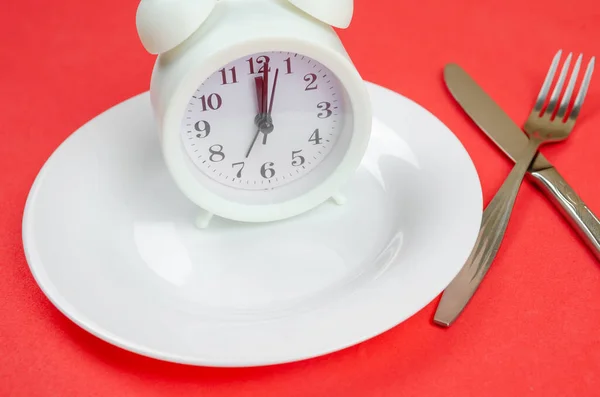 白色闹钟坐在一个白色的盘子上 红色的背景 叉子和刀关闭 晚餐的概念时间 — 图库照片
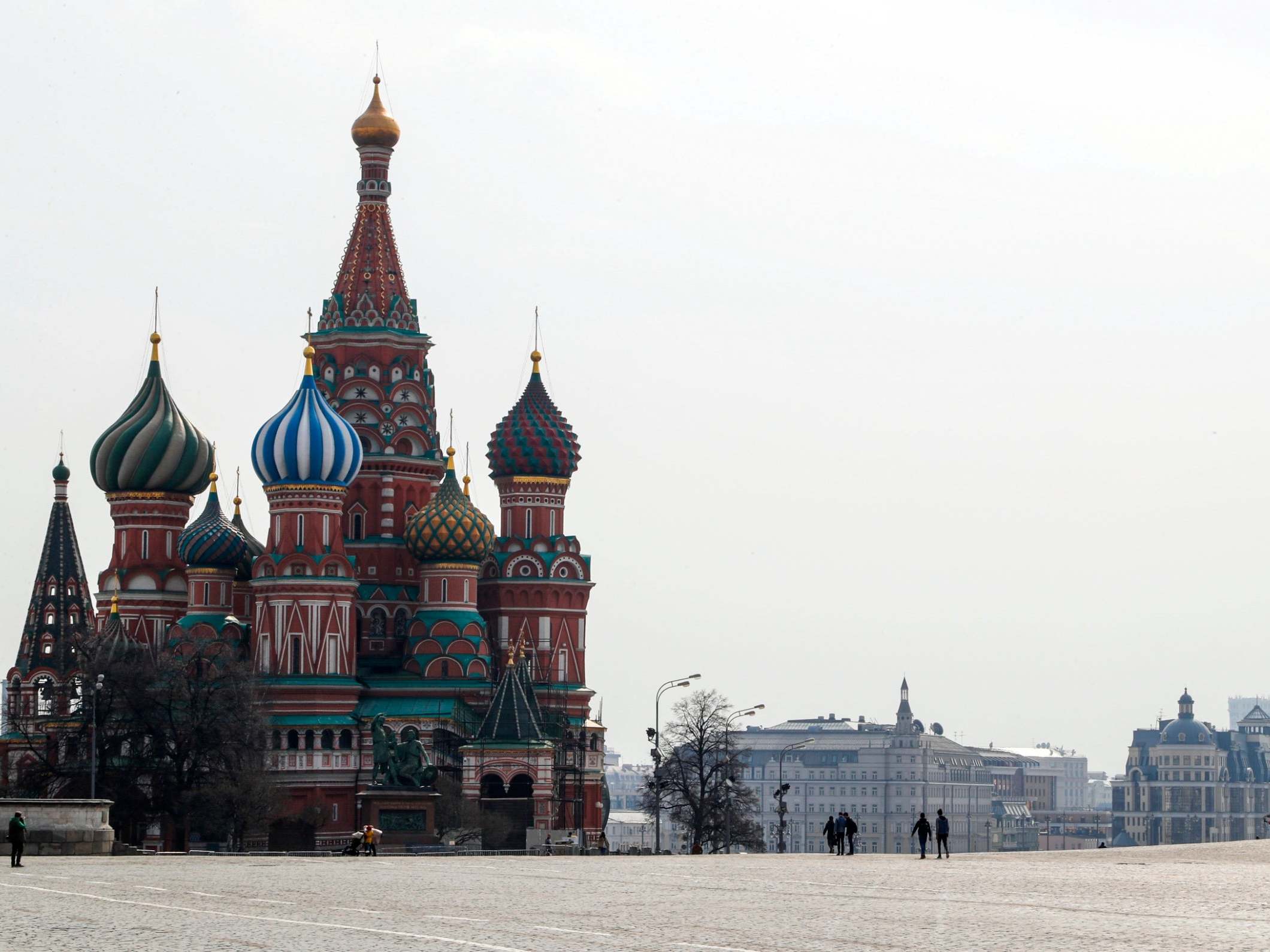 People walk near the cathedral of Vasily the Blessed on the Red Square in Moscow, Russia, after authorities ordered a lockdown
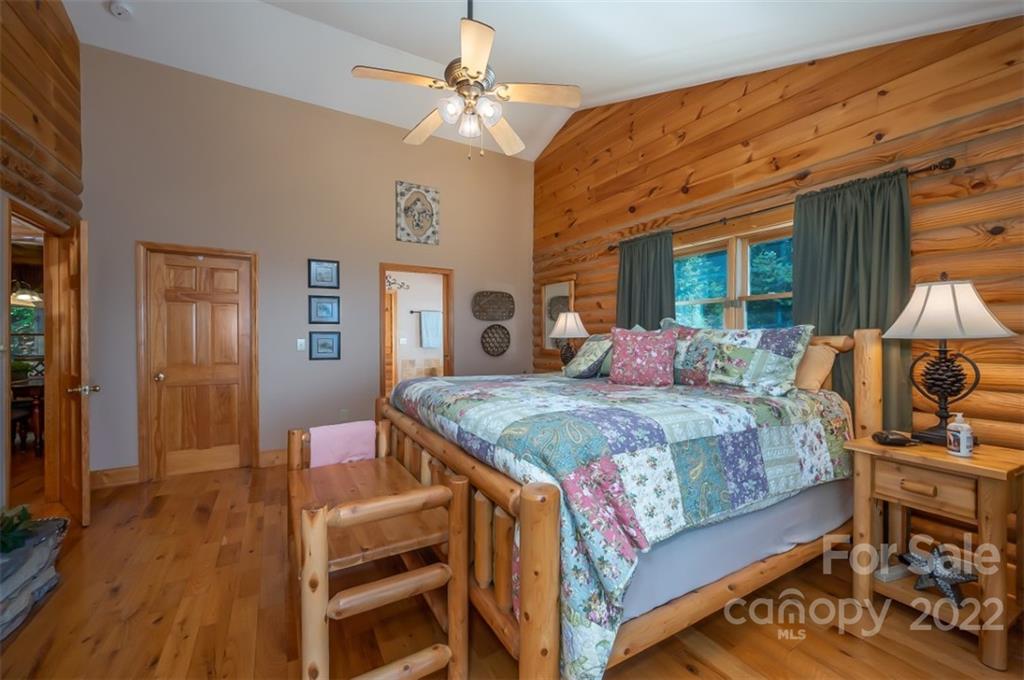 175 Big Rock Road Bostic, NC 28018 - Photo 27 of 45 a bedroom with a bed a dresser and wooden floor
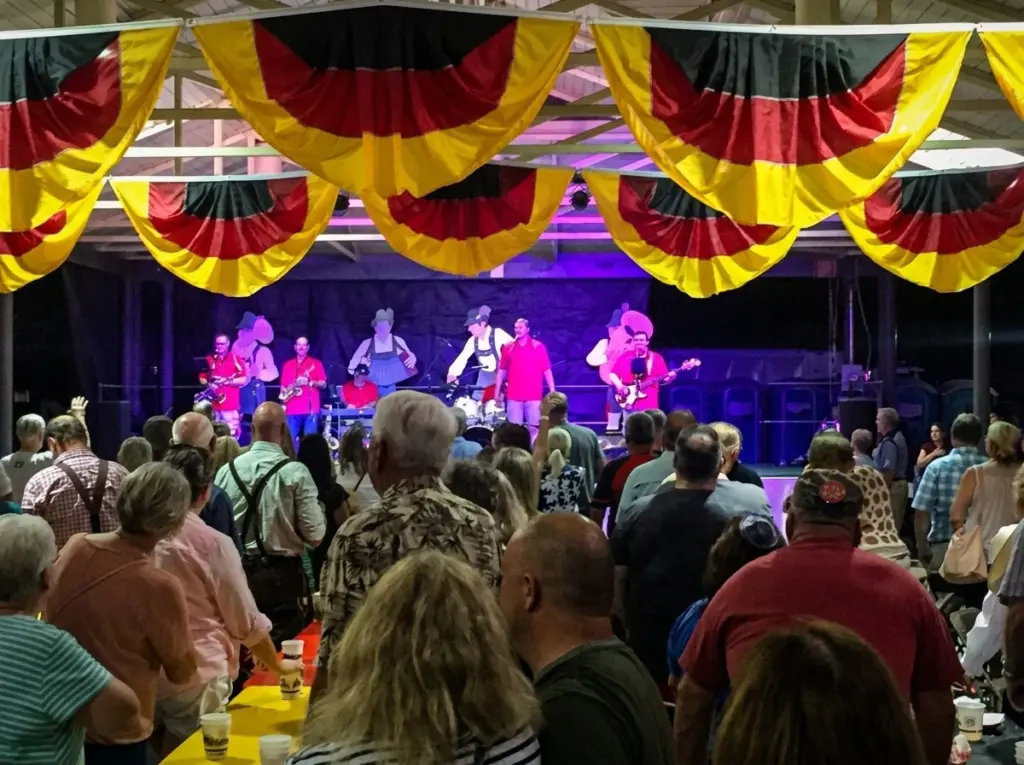 A band performs for a crowd under a pavilion decorated with German flags at the Fredericksburg Oktoberfest.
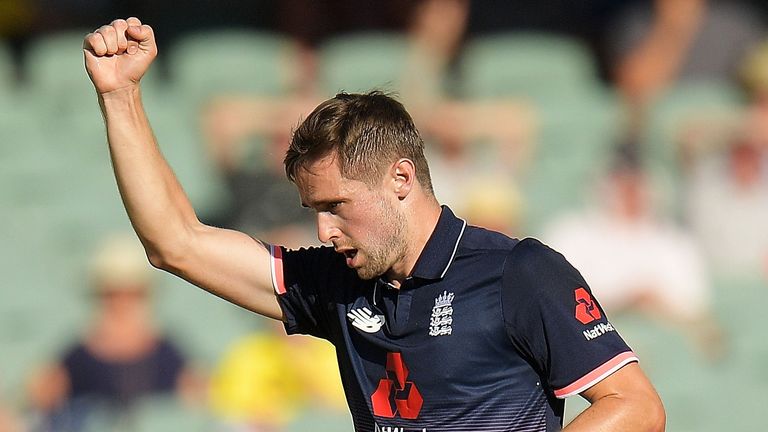 England's Chris Woakes celebrates dismissing Australia opener David Warner, at Adelaide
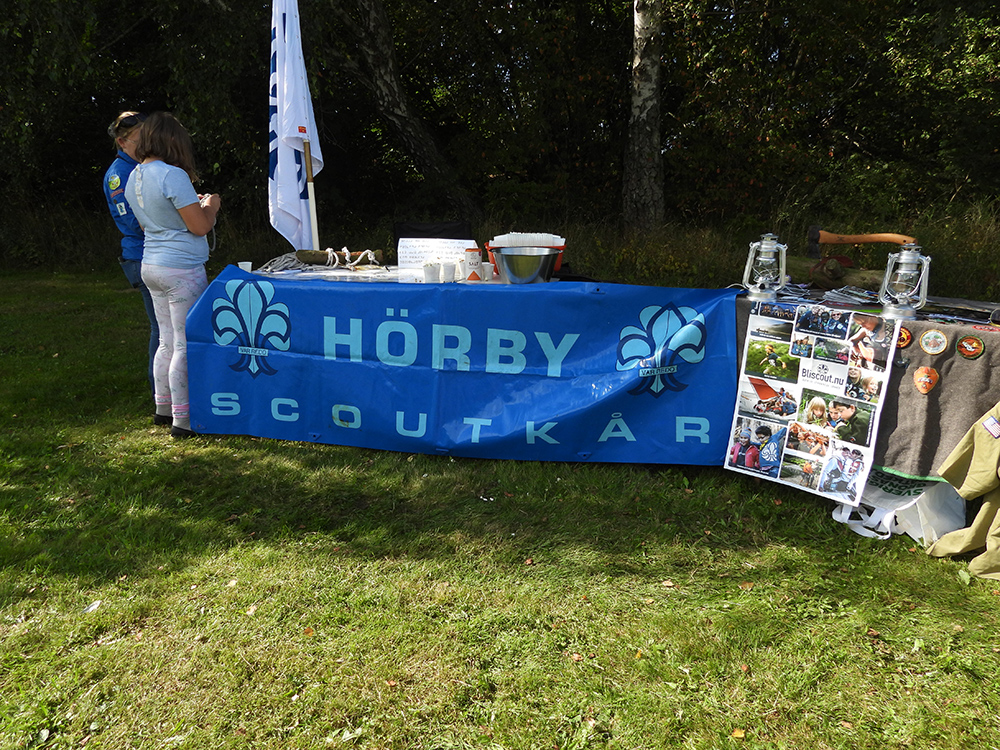 Bord utomhus med banderoll från Hörby scoutkår. Två personer står vid bordet men tittar inte in i kameran.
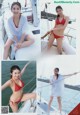 A woman in a red bikini sitting on a boat.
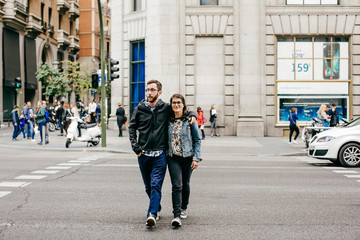 .A young couple in love walking around Madrid and enjoying a very fun day of sightseeing around the city center. Travel photography. Lifestyle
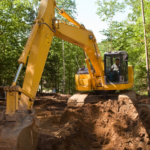 Teen Arrested After Allegedly Swinging Stolen Excavator Bucket at Owner and Son in Toledo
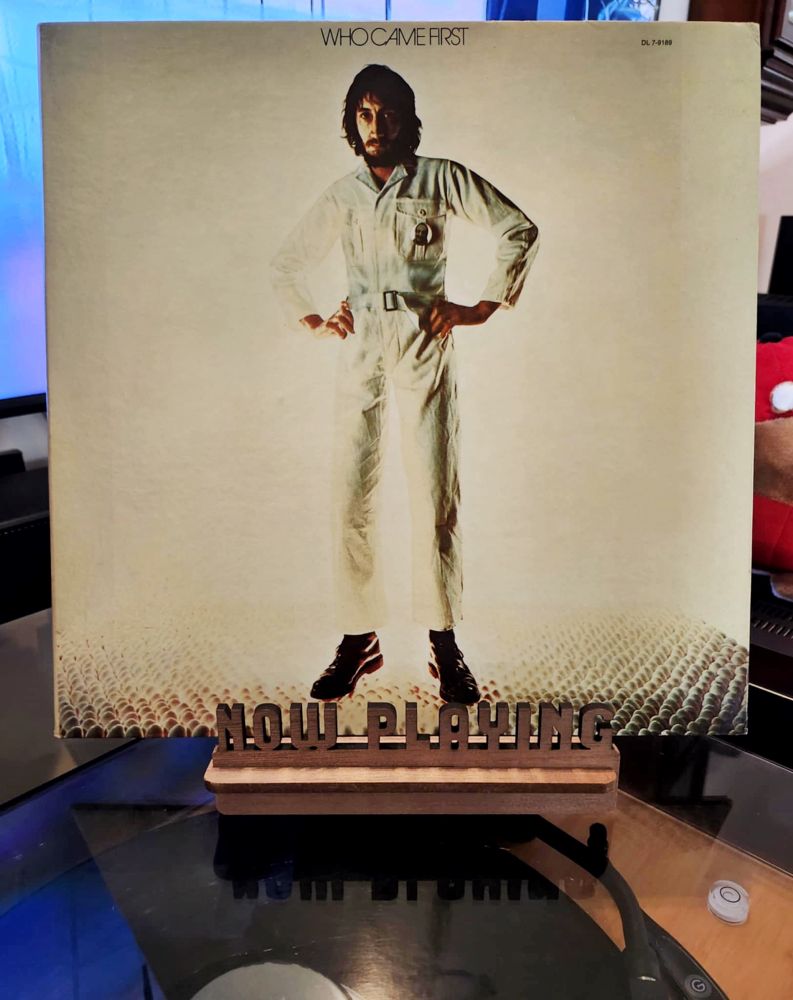 The front cover of the LP record “Who Came First” by Pete Townshend sits on a wooden “now playing” record display stand placed on top of the turntable that’s playing the album. A muted television plays in the background.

◇ ◇ ◇ ◇ ◇ ◇ ◇

# Work request
Give back exactly the lines of the listing above from the one that contains "England's Chris Woakes" up to and including the one that contains "A woman in a red bikini sitting on a boat.", but not the pictures, and no other lines.

# Solution below
 England's Chris Woakes celebrates dismissing Australia opener David Warner, at Adelaide
 Bord utomhus med banderoll från Hörby scoutkår. Två personer står vid bordet men tittar inte in i kameran.
 A woman in a red bikini sitting on a boat.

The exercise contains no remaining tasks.